Yesterday, I had an opportunity to visit with several of the wonderful women in my church, and a few of them asked what Moms Empowered is all about.  It was so exhilarating to be able to express the thoughts of my heart to them and to have so many of them express similar feelings and struggles in motherhood and the need for this message. I was able to share some of the false beliefs I had been under for years and the depression I had grappled with and confusion, and why being empowered as a mother is so important to me.
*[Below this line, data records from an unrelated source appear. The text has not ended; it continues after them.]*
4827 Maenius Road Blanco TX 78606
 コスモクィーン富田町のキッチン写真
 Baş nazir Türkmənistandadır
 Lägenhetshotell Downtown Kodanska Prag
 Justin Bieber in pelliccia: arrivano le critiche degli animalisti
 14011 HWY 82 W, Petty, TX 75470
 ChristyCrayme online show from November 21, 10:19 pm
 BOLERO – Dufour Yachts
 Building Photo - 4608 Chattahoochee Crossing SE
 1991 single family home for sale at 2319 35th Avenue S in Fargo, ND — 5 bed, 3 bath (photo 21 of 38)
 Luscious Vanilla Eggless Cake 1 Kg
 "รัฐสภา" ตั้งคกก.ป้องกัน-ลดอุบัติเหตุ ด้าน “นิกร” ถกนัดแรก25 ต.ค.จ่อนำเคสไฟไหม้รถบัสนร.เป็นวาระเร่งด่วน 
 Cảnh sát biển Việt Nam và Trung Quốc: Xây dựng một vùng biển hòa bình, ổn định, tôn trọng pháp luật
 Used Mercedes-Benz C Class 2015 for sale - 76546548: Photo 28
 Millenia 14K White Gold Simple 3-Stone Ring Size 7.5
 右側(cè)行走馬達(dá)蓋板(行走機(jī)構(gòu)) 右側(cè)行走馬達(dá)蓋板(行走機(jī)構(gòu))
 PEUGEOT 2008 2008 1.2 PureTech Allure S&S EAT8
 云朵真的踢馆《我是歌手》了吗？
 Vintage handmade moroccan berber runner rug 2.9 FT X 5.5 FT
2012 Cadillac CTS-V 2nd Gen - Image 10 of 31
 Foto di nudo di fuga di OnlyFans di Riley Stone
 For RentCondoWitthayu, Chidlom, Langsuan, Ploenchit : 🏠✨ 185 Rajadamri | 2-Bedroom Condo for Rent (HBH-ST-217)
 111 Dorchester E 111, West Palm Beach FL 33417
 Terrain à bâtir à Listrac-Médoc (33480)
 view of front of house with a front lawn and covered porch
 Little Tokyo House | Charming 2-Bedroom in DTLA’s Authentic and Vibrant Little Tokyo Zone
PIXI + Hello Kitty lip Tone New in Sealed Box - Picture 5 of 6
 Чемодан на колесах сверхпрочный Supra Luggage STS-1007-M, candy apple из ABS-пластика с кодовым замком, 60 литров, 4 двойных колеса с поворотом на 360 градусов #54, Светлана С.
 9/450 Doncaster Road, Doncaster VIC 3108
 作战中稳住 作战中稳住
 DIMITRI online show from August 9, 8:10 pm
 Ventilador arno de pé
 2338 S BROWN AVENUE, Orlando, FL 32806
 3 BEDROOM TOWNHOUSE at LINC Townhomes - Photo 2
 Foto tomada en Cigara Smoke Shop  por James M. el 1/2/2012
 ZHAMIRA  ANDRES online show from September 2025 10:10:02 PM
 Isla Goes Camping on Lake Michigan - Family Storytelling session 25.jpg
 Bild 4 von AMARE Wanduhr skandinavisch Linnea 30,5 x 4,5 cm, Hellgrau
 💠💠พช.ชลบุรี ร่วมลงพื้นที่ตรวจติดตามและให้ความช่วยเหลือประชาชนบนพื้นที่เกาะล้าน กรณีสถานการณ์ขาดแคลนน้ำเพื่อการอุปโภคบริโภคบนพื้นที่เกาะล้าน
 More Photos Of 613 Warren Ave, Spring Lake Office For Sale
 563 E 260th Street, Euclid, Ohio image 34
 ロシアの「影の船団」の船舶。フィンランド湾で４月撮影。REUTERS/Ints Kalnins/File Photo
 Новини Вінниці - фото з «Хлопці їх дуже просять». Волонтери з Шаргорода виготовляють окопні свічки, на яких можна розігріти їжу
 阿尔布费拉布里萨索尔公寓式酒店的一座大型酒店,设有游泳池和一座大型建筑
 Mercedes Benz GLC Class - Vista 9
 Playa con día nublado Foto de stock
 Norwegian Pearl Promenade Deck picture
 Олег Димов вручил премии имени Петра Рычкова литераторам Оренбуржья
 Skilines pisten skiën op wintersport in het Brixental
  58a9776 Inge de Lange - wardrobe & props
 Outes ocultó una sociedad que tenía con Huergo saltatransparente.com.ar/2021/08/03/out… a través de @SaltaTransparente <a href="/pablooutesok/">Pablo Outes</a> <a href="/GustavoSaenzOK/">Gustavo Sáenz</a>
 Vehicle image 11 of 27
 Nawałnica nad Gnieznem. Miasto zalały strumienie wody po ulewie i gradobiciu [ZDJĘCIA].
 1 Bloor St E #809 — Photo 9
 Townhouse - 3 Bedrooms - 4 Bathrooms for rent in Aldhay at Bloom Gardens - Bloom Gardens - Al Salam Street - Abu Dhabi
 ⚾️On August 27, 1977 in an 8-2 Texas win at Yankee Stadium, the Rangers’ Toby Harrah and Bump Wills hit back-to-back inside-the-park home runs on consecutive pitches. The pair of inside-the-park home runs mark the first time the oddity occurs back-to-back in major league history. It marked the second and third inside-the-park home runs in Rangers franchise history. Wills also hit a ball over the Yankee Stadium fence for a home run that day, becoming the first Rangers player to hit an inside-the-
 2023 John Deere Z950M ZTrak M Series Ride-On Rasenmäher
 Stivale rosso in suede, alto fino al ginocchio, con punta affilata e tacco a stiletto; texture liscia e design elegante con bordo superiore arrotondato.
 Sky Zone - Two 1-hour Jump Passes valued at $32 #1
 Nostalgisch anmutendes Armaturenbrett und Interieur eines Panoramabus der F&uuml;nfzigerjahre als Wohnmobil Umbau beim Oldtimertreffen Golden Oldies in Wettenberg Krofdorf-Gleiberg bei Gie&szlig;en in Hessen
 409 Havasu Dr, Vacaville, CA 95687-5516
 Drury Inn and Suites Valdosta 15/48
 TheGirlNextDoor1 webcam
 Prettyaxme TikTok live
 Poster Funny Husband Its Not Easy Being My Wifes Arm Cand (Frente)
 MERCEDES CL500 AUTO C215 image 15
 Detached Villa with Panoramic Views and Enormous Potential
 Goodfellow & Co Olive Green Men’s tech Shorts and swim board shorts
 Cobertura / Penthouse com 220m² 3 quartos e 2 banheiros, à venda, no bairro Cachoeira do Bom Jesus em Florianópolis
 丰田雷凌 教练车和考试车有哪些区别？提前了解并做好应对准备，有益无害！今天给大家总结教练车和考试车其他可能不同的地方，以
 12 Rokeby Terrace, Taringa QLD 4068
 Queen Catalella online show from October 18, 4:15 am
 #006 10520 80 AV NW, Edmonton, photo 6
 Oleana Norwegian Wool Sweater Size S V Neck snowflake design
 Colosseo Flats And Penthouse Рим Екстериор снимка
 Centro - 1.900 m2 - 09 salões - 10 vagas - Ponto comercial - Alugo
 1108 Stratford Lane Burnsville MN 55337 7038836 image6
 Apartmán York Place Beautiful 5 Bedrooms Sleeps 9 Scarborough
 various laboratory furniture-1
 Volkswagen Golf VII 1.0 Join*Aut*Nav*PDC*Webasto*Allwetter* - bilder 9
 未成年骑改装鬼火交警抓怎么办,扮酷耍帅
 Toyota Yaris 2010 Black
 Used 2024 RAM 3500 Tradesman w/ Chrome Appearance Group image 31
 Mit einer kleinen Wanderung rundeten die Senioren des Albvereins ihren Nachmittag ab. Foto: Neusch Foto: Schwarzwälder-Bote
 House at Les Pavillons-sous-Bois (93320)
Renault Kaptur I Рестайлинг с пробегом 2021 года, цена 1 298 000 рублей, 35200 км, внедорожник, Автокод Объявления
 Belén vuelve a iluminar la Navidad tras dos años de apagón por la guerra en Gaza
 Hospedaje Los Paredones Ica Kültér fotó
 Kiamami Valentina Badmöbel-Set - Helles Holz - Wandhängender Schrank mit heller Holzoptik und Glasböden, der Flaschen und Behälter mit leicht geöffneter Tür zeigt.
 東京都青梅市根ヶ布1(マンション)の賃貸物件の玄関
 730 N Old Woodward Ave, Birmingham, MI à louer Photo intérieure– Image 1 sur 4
I felt so refreshed and relieved after talking with them.  I so appreciate the support and encouragement they gave me to continue sharing.

Right after I started this blog and put it out there to friends and family, I was so nervous that maybe I was the only one who felt this way and had these struggles, and that maybe others would not be accepting or even might judge my message.  (I worry about what others think too much – that is an area I am working on freeing myself from!) I felt like, who am I to be sharing this message?  I am so not perfect and still just trying to be empowered in my own life and be the kind of mother I want to be.

Our conversation left me thinking how freeing it is for us to share our struggles and weakness and needs with each other even if it might be uncomfortable.  It frees us from our compulsive need to put on a facade, it frees others to show their true selves, and it frees all of us to truly connect and help and support each other.  Which is what we all want.  But so often we choose instead to protect ourselves by painting on a happy face and making everything look perfect so our less than perfect parts won’t be revealed.

I loved this post I read on a lovely mother’s blog today that illustrates this:  http://martinamuir.com/2011/03/be-uncomfortable/

I want to be more brave, honest, and real in my life, and I know that uncovering those parts of me that are imperfect and uncomfortable to look at will allow more light in to heal those parts, and I can be empowered to be an instrument for good, even if I am not perfect.